Nous avons passé convention, je l'ai dit, avec Jacques Godfrain, ancien ministre de la coopération et président de France volontaires, mais aussi avec l'Office franco-québécois pour la jeunesse ou encore avec l'Office franco-allemand de la jeunesse, fidèles en cela à l'esprit du traité d'amitié passé après guerre par le général de Gaulle et Konrad Adenauer entre nos deux pays. Notre objectif est de nous mettre en mesure d'envoyer 500 jeunes à l'international, en nous assurant de la qualité et de la sécurité des missions, qui se doivent d'être attractives, pour éviter toute rupture anticipée de contrat.
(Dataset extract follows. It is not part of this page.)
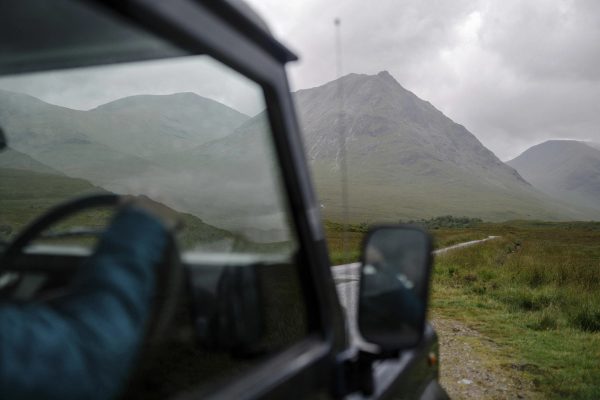 Vue depuis une voiture sur une route des Highlands en Écosse, sous un ciel couvert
Ces jeunes ont donc une formation, un tuteur, et nous veillons à la qualité des missions qui leur sont proposées.
Ils proviennent de l'ensemble du territoire : la répartition géographique est équilibrée, et reflète celle des 16-25 ans. Un effort particulier a cependant été engagé en faveur des territoires ultramarins, où 300 jeunes ont été recrutés pour lutter contre l'épidémie de dengue. Les jeunes qui accomplissent leur service civique outre-mer bénéficient de surcroît d'une majoration de leur indemnité, pour tenir compte du coût de la vie. Elle est ainsi de 1 000 euros à Wallis-et-Futuna.
Nous associons également les directions départementales de la cohésion sociale, afin de garantir un bon maillage territorial ; elles ont consenti un effort en faveur des associations locales, et si le dispositif avait d'abord agrégé les têtes de réseau comme Unis-Cité, nous sommes revenus à l'équilibre, pour favoriser les structures de proximité.
Les bénévoles, madame Primas, peuvent demander le remboursement de leurs frais et bénéficier du même coup d'une réduction fiscale. Le Gouvernement n'a cependant pas voulu transformer cette réduction en crédit d'impôt, car les conséquences budgétaires en eussent été trop lourdes.
Eu égard aux exigences qui sont les nôtres en matière de désendettement, la ressource, tant en provenance de l'État que des collectivités locales, est appelée à se faire plus rare. Et c'est pourquoi la recherche de relais de financement sera déterminante pour les associations. Si les subventions constituent aujourd'hui un tiers de leur budget, le mécénat n'en représente que 5 %. Nous devons donc travailler avec les acteurs - et les grandes fédérations, qui sont nos interlocuteurs, y sont toutes disposées, à preuve le colloque qui s'est tenu il y a quinze jours au Palais des Congrès - pour trouver de nouvelles sources de financement. L'appel à souscription publique pourrait également en être une, ce qui suppose d'améliorer l'accès des associations aux médias. Il faudra, en somme, faire preuve d'ingéniosité.
Nous maintenons notre effort de formation en faveur des bénévoles : 10 millions sur le programme 163, 25 sur les postes du Fonds d'expérimentation jeunesse. Nous avons créé un portfolio des compétences pour la valorisation des acquis du bénévolat. Nous avons saisi, sur la valorisation des acquis dans le parcours professionnel, le Haut conseil de la vie associative, et la Conférence des présidents d'université pour ce qui concerne le parcours étudiant. Nous approchons également les directions des ressources humaines pour les engager à prendre en compte le bénévolat. Le monde associatif, qui, par définition, n'est pas celui du salariat, ne demande rien d'autre que la reconnaissance, à un moment du parcours, des années passées à porter des projets et à animer des équipes, celle, en somme, de son expertise.